Il gol al Barcellona da metà campo è stato il momento più alto a livello personale con la maglia della Roma?
“Se dobbiamo parlare di momento strettamente personale, ovviamente è quello il momento più alto. Se devo parlare di un momento della squadra ovviamente parlo della partita contro il Barcellona e contro il Liverpool. Questi sono stati momenti più importanti nella mia carriera qui a Roma. Parlo delle partite in casa, sono momenti che difficilmente scorderò”.
Oggi si parla di Ter Stegen come portiere più forti del mondo, tu gli hai segnato da centrocampo…

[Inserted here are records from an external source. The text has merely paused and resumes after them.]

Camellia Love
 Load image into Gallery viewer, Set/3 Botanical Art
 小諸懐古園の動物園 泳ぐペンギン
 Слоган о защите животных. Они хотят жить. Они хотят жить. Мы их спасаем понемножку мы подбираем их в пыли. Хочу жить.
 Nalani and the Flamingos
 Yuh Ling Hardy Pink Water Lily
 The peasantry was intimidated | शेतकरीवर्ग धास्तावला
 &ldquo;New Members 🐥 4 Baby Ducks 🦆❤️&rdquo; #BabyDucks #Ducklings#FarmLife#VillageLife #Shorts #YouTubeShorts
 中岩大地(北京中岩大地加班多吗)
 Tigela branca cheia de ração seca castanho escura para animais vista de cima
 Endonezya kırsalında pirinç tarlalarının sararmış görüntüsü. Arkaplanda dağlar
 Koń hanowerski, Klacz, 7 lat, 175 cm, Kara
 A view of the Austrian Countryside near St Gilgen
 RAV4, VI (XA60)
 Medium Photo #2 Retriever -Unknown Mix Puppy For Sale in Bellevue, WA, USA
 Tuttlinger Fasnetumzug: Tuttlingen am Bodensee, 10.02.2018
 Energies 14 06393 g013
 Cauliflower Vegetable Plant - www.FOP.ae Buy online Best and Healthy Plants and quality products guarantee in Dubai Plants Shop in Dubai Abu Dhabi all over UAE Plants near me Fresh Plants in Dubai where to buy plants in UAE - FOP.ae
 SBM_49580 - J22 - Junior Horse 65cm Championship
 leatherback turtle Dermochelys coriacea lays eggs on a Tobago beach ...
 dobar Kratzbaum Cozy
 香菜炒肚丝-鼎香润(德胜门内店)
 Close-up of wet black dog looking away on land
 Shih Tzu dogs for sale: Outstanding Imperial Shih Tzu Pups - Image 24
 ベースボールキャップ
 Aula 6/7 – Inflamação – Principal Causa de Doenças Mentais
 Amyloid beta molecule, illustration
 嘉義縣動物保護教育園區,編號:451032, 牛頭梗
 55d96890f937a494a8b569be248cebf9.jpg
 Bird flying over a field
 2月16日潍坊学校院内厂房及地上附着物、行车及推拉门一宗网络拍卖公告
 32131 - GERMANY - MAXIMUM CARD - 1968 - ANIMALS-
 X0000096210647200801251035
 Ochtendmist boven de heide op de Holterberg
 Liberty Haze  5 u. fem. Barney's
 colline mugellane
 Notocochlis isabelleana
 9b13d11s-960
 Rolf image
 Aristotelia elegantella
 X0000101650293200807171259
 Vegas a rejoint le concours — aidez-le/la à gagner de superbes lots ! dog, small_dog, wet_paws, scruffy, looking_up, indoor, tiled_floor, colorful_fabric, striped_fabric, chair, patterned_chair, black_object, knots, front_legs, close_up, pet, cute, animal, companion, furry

“Non vorrei dire una cosa diversa dalla tua, ma per me non lo è. Metto le mani avanti. Per me è Alisson. L’ho vissuto anche in allenamento. A un certo punto facevamo le partite di allenamento e finivano tutte 0-0. Vedevamo i due portieri: uno era Szczesny e uno era Alisson. Devo dire che ho avuto a che fare con dei grandi portieri”.
Tornerai alla Roma?
“Sinceramente non lo so, dico la verità. Aspettiamo che finisca questo prestito”.
Una piccola parte delle persone ha cominciato a vederti in maniera diversa.
“L’ho sentito, ma non sono mai riuscito a darmi una spiegazione. Li avessi mandati a quel paese capirei di essermi messo contro qualcuno. Immagino e credo che nella mia carriera non troverò mai tifosi belli come quelli della Roma. Non so se continuerò nella Roma o le nostre strade si divideranno, ma posso dire che i tifosi della Roma sono stati sempre grandi, sono sempre nel mio cuore”.
È vero che hai rinunciato a una mega-offerta dell’Inter?
“È una storia che inizia molto tempo prima, nel senso che non ho rifutato solo l’Inter, anche altrre squadre italiane. L’ultima è stata l’Inter, nel momento in cui dovevo rinnovare con la Roma, era un’offerta molto importante. Mi sentivo di fare quello che ho fatto, sapevo che non avrei avuto la stessa opportunità economica, ma le emozioni provate a Roma non me le porterà via nessuno. Mi hanno detto di scegliere con la testa, ma ho scelto col cuore e lo rifarei”.
Che rapporto avevi con alcuni giocatori che sono andati via? Hai cercato di convincerli a rimanere?
“Penso che uno possa provare a fare mille cose per far rimanere o no a giocare con la tua squadra qualcuno. In primis lo fai perché quel giocatore è forte. Ognuno ha il suo percorso e ha deciso di fare quello che si sentiva fosse meglio per la propria carriera. Il rapporto è cambiato veramente di 0 e non cambierà. Quello che hai dentro e che hai vissuto insieme a quei giocatori lo porti dentro di te per tutta la carriera. Posso solo augurare loro del bene”.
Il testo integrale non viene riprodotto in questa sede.